What is being asked → Find the line below with "a person holding" and the line with "Western crowned pigeon of Cenderawasih". Output them and the lines between, exactly, but not the pictures.

Entries provided →
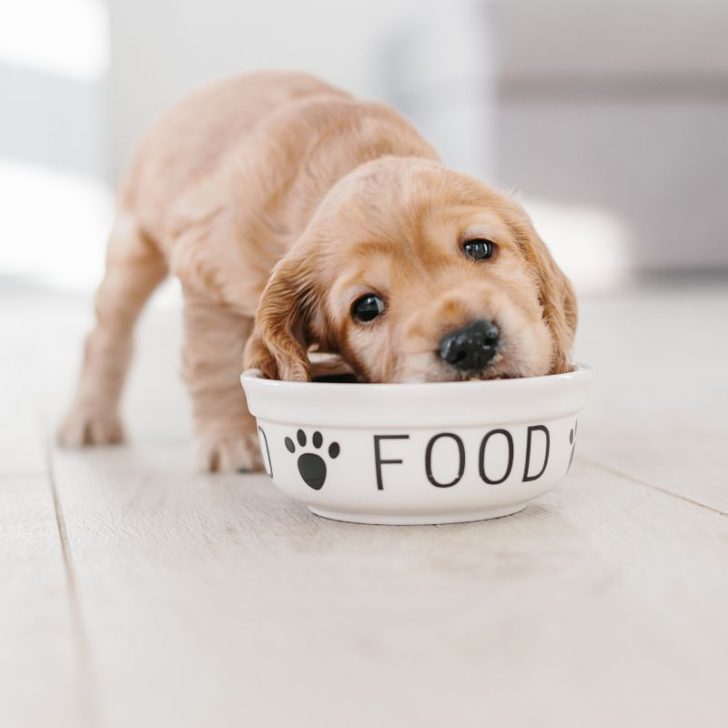 Find A Good And Affordable Dog Food Supplier
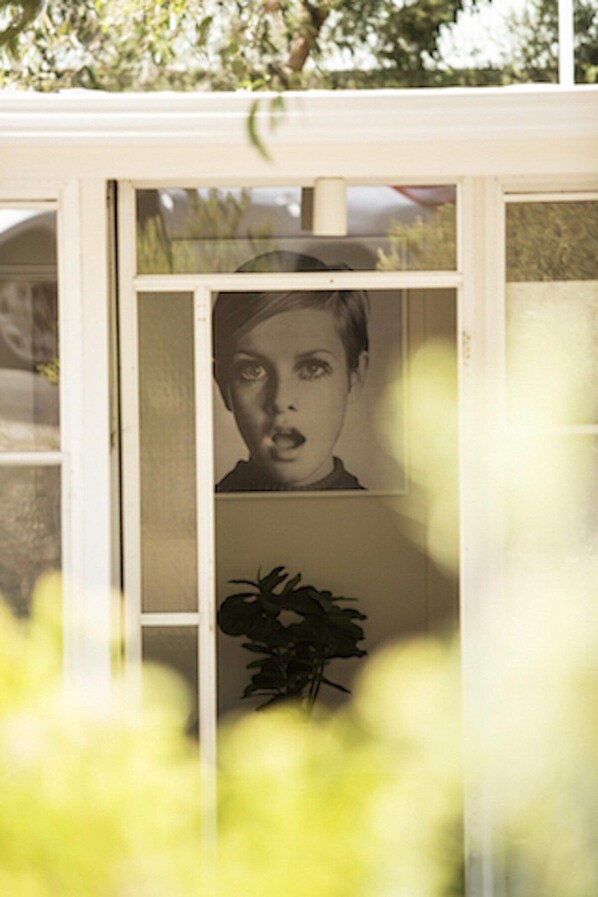 A window with a framed picture and a plant inside.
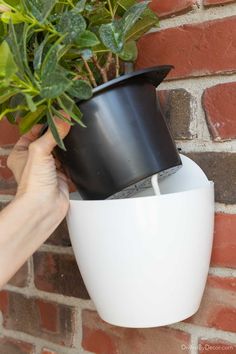 a person holding a potted plant up against a brick wall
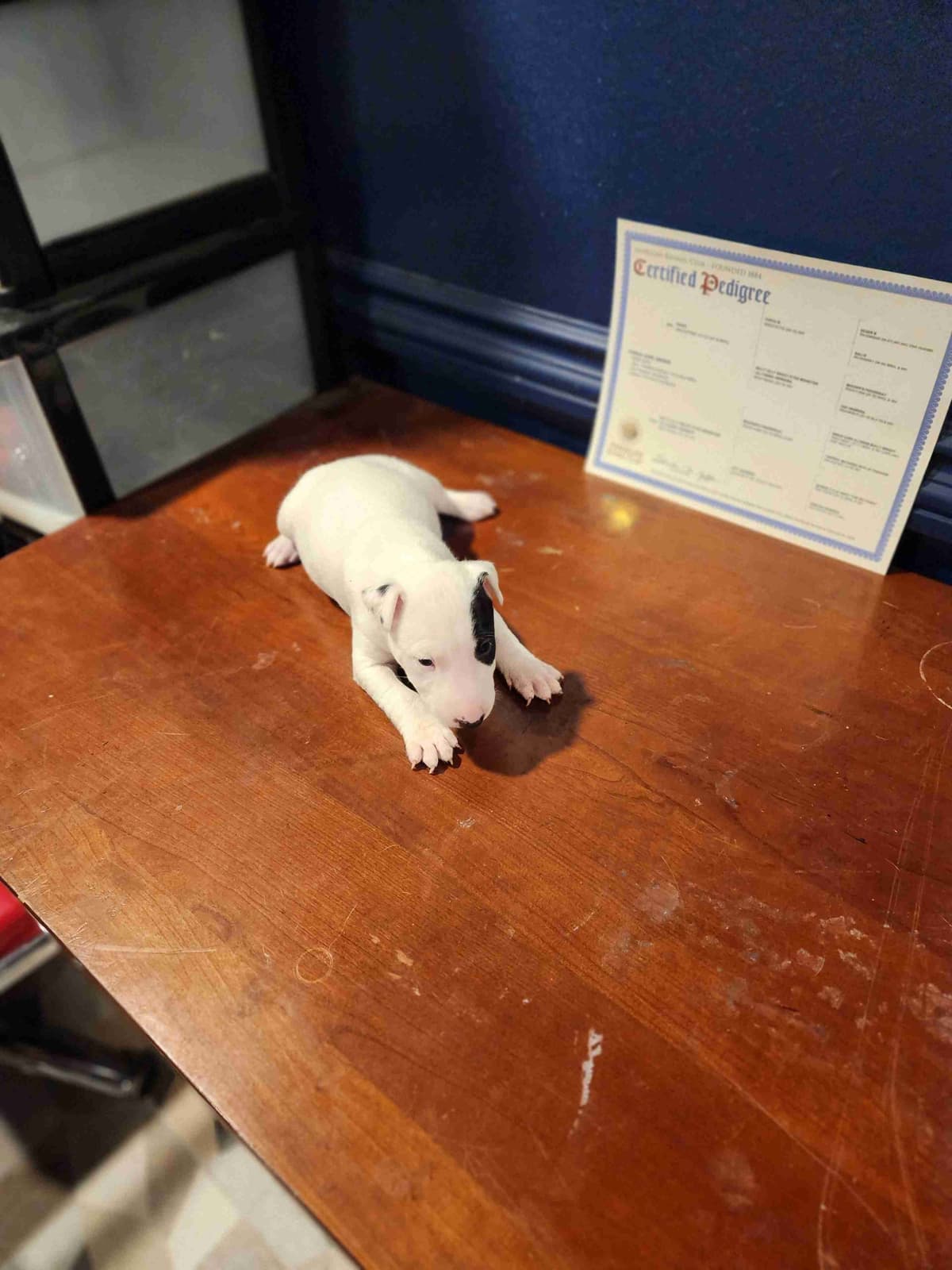 Bull Terrier Puppies breeder image 9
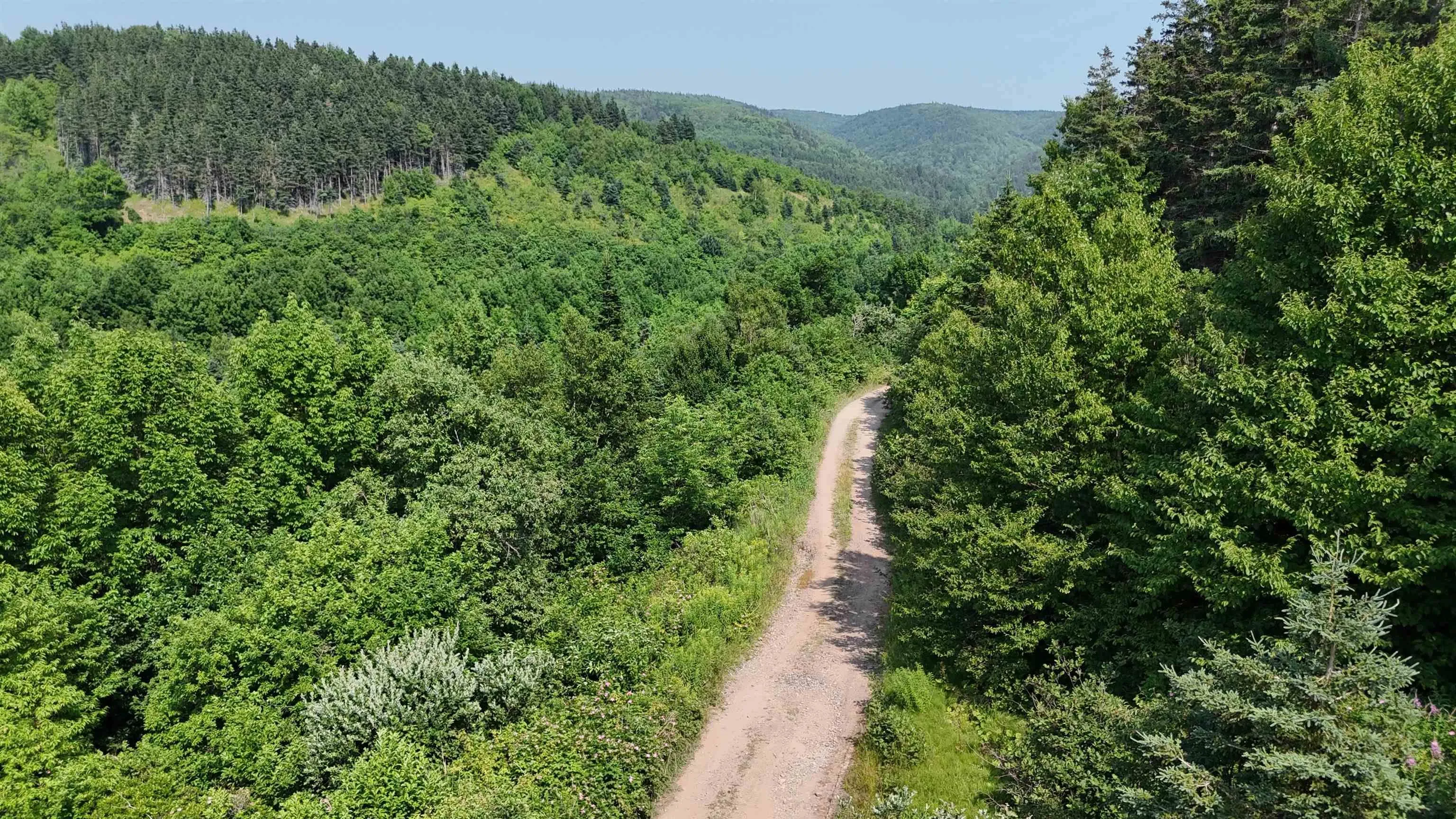 798 Mountain Road, Mabou Mines, NS B0E 1X0, ,Land,For Sale,Mountain,202518072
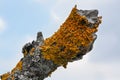 Yellow orange maritime sunburst lichen - Xanthoria parietina and gray tube Hypogymnia physodes - growing on dry tree Royalty Free Stock Photo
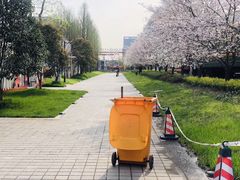 -新天地活力PARK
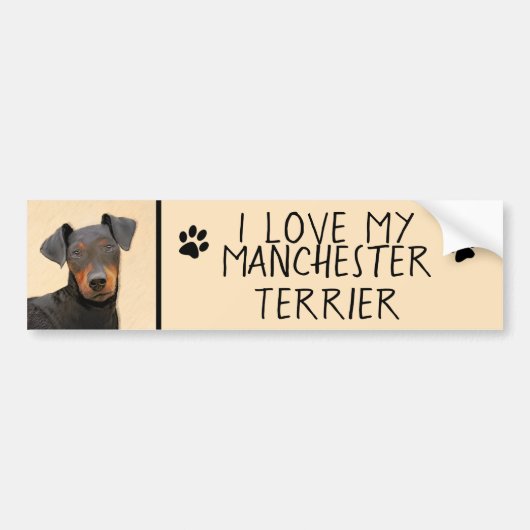 Manchester Terrier Painting Original Animal Art Autoaufkleber (Vorne)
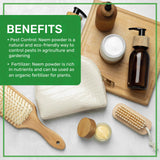 Jiva Organics mascarilla facial preparada con neem demostrando aspecto de aplicación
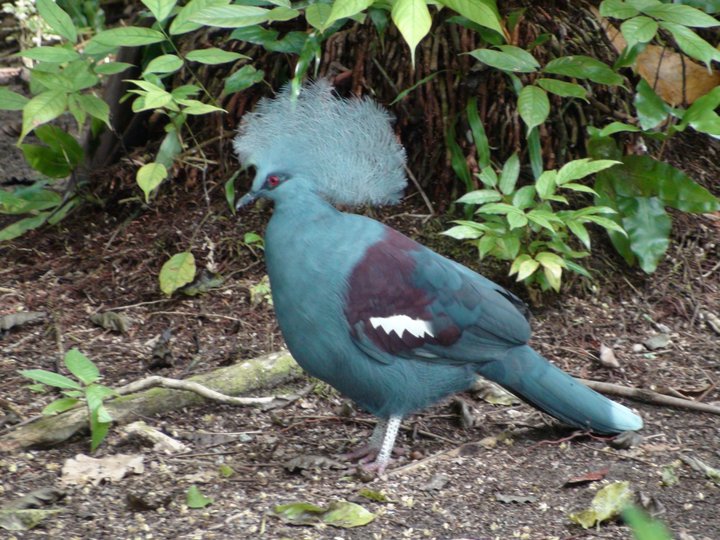 Western crowned pigeon of Cenderawasih 
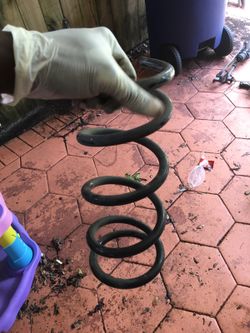 Infiniti g35 parts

Problem solution →
 a person holding a potted plant up against a brick wall
 Bull Terrier Puppies breeder image 9
 798 Mountain Road, Mabou Mines, NS B0E 1X0, ,Land,For Sale,Mountain,202518072
 Yellow orange maritime sunburst lichen - Xanthoria parietina and gray tube Hypogymnia physodes - growing on dry tree Royalty Free Stock Photo
 -新天地活力PARK
 Manchester Terrier Painting Original Animal Art Autoaufkleber (Vorne)
 Jiva Organics mascarilla facial preparada con neem demostrando aspecto de aplicación
 Western crowned pigeon of Cenderawasih 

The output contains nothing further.